Quando nos vemos, os vemos.
Quando nos vamos, se vão?"
Eduardo Galeano: Espelhos

terça-feira, 12 de julho de 2011

As sociedades da África negra até o século XVI

Sob a acácia, Kelvin Malack.
Foto: Todd Schaffer

"Ainda o meu canto dolente / e a minha tristeza / no Congo, na Geórgia, no Amazonas / Ainda / o meu sonho de batuque em noites de luar [...] Ainda o meu espírito / ainda o quissange / a marimba / a viola / o saxofone / ainda os meus ritmos de ritual orgíaco [...] E nas senzalas / nas casas / nos subúrbios das cidades / para lá das linhas / nos recantos escuros das casas ricas / onde os negros murmuram ainda / O meu desejo / transformado em força / inspirando as consciências desesperadas." 
["Aspiração", Agostinho Neto - Poemas de Angola] 

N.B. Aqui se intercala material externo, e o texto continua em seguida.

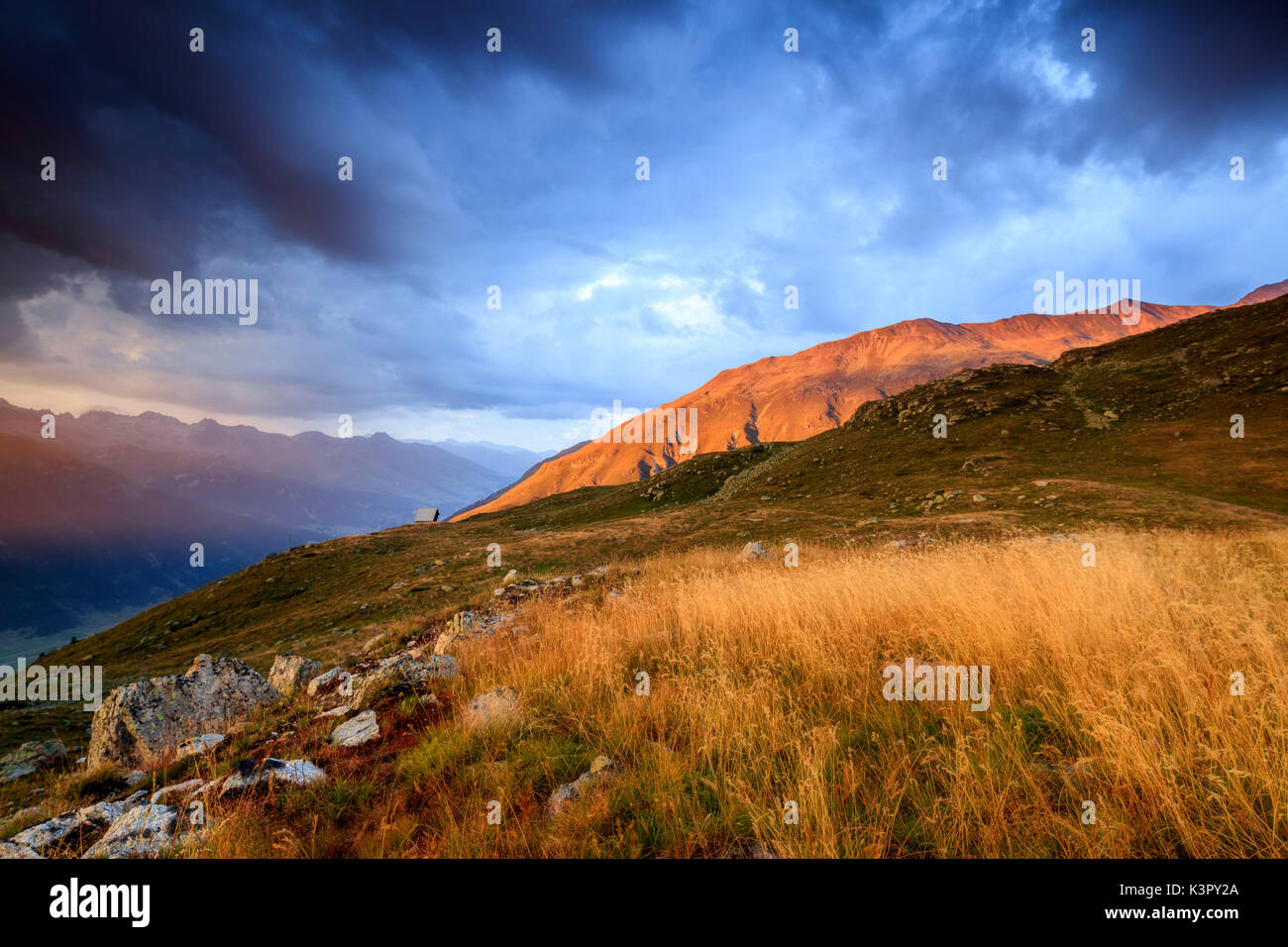 Dunkle Wolken und Sonnenuntergang leuchten Frame den felsigen Gipfeln der Muottas Muragl St. Moritz Engadin Kanton Graubünden Schweiz Europ. Stockfoto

[A África foi o berço do homem] Para nós, que desconhecemos a história da África, é surpreendente que os cientistas atuais a considerem o berço da humanidade. O desconhecimento de uma terra, de seus homens, costumes e feitos, cria em nós um clima de mistério, de distância, mesmo quando se trata da África, de onde veio grande parte de nossa população passada, através do tráfico de escravos.

Por que desconhecemos ainda hoje a história da África?

Isso se deve, em grande parte, ao fato de nunca termos lido os livros dos historiadores e cronistas africanos. Ainda hoje recebemos muitas informações através dos europeus que nos colonizaram, e que, por isso mesmo, sempre fizeram da Europa o centro do mundo.

Durante muitos anos os europeus dominaram a África, praticando o colonialismo. Um colonialismo diferente do que praticaram nas Américas, mas igual num ponto essencial: dominaram imensas regiões, mudando o curso de sua história, impondo uma nova forma de vida e tentando mesmo eliminar as culturas dos povos africanos.

Era preciso justificar essa dominação, e assim os europeus procuraram apresentar a África como um continente sem “História”, sem civilização”, habitado por “selvagens”.

[...]

Na África a história começou muito mais cedo do que em qualquer outra parte do mundo.


Família Masai: três adultos e duas crianças. Moses Wanyuk. 
Foto: Todd Schaffer

[A África nunca esteve isolada] [...] Através de toda a sua história, e apesar das muitas dificuldades de comunicação, os africanos mantiveram contatos com os seus vizinhos da Europa e da Ásia.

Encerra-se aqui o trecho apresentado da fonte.